Sicherlich ist er in meinen Augen globalisierungsskeptisch. Seine Kritik, wie auch Giordanos, ist offen eurozentrisch. Globalisierung findet für sie statt - allerdings nicht (mehr) in Europa. Wir sind die bereits Zivilisierten, Aufgeklärten, Demokratisierten. Die Menschenzuströme, die sie beklagen, sind für sie ein unwillkommener Kollateraleffekt, dessen Bewältigung (inzwischen gar: Beseitigung) sie schnellstmöglichst umgesetzt sehen möchten. Was mich besonders wütend macht, ist die Geschichtsverdrossenheit der beiden "in der Tradition der Aufklärung" stehenden Herren: Sobald wir einer Gesellschaftsgruppe fehlende Fähigkeiten und mangelnden Willen unterstellen, sind wir bereits erneut einem veralteten Denken verfallen, das Kolonialismus und Imperialismus begleitet hat. Huntingtons Clash of Cililizations ist nichts anderes als eine modernisierte Aufarbeitung der "mission civilisatrice", eine Neuformulierung der schon vor zweihundert Jahren empfundenen Last des verantwortungsvollen weißen Mannes ("the white man's burden"). Du berufst Dich auf die europäische Geschichte und schreibst: "Ich meine, dass extremistisch eingestellte Minderheiten ein größeres Problem sind als eine politisch wenig engagierte Mehrheit." Verständlich, aber meines Erachtens nach verkürzt gedacht. Es dürfte Dir nicht entgangen sein: Wenn eine Mehrheit ein Problem mit einer Minderheit hat, dann liegt das selten an der Minderheit. Und ich bezweifele sehr stark, dass der Generalvorwurf an Muslime, sie seien integrationsunfähig und -unwillig, aus diesem Muster herausfällt.

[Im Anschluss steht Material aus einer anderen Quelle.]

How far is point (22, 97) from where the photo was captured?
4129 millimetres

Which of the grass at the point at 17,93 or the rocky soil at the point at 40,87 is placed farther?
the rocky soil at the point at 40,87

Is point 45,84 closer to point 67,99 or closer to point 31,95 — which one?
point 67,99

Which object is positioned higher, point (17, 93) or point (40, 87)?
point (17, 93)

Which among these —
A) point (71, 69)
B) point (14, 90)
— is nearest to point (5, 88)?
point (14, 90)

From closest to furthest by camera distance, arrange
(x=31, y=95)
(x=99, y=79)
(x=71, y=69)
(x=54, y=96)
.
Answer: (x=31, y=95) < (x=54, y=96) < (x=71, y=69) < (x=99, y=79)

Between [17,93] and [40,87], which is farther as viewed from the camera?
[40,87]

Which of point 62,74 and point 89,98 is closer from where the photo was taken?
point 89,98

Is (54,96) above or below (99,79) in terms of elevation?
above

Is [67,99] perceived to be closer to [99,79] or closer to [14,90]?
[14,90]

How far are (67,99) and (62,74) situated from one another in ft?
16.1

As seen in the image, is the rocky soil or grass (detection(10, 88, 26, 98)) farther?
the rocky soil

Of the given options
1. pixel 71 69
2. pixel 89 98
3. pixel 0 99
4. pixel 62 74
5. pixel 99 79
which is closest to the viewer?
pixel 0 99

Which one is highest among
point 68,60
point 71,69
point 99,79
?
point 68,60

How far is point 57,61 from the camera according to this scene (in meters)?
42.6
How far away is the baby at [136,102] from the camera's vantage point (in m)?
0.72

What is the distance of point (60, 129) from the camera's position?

- Natürlich hast Du recht: Ich messe diese Demokratie an Idealen. Diese "dialektische Demokratie" hat es nicht gegeben, und auch heute glänzt sie durch ihr gänzliches Fehlen. Deinen Mangel an Vision aber teile ich nicht. Idealismus ist etwas, das die Europäer mit dem Ende der Französischen Revolution aufgegeben haben. Wer seither mehr fordert, ist kindlicher Idealist und radikal (=Anarchist). Warum? Meine Vermutung: Demokratie und Kapitalismus sind unvereinbar. Vielleicht gelingt es mir demnächst, mir meine Gedanken genauer auszuformulieren - wenn Du magst.

- Zur Einbürgerungsoption meiner Mutter: Natürlich besteht sie. Macht sie den Unterschied? Das eine Dokument für ein anderes eintauschen? Auch hier frage ich wieder grundsätzlich: Macht sie ein Pass zur Deutschen? Und, was nicht das gleiche ist: Macht sie ein Pass zur Wahlberechtigten? Macht mich mein deutscher Pass zum Deutschen, wo ich mich doch auch zwei weitere Staatsbürgerschaften berufen kann?

- Ich möchte nochmal den Vorwurf aufgreifen, Integration sei von der Mehrheit gefordert, aber nicht entgegenkommend unterstützt worden. Über Deinen berechtigten Hinweis auf die Arbeit einer gesellschaftsengagierten Minderheit brauchen wir nicht diskutieren; hier sind wir uns mehr als einig. Ich will vielmehr das Denken einer - zugeben: von meiner Seite idealtypisierten - ausschließlich medial gelenkten Mehrheit hinterfragen. Mich interessieren einzelne Worte, die oftmals mehr vermitteln als die vielen guten, ausführlichen Hintergrundberichte im Spätprogramm der Öffentlich-Rechtlichen. Nehmen wir als Beispiel die Bezeichnung "Gastarbeiter". Es wandert ein, arbeitet in Deutschland, weil es an Arbeitskräften mangelt, bleibt aber erklärtermaßen "Gast". Zu Besuch. Sein Aufenthalt ist vorläufig; seine Rückkehr, wird vermutet, ist absehbar. Für seine mehrheitlich gering qualifizierte Tätigkeit [1] werden ihm kaum Deutschkenntnisse abverlangt, und keine Rechte angeboten - Gesellschaftliche Mitsprache? Keinesfalls.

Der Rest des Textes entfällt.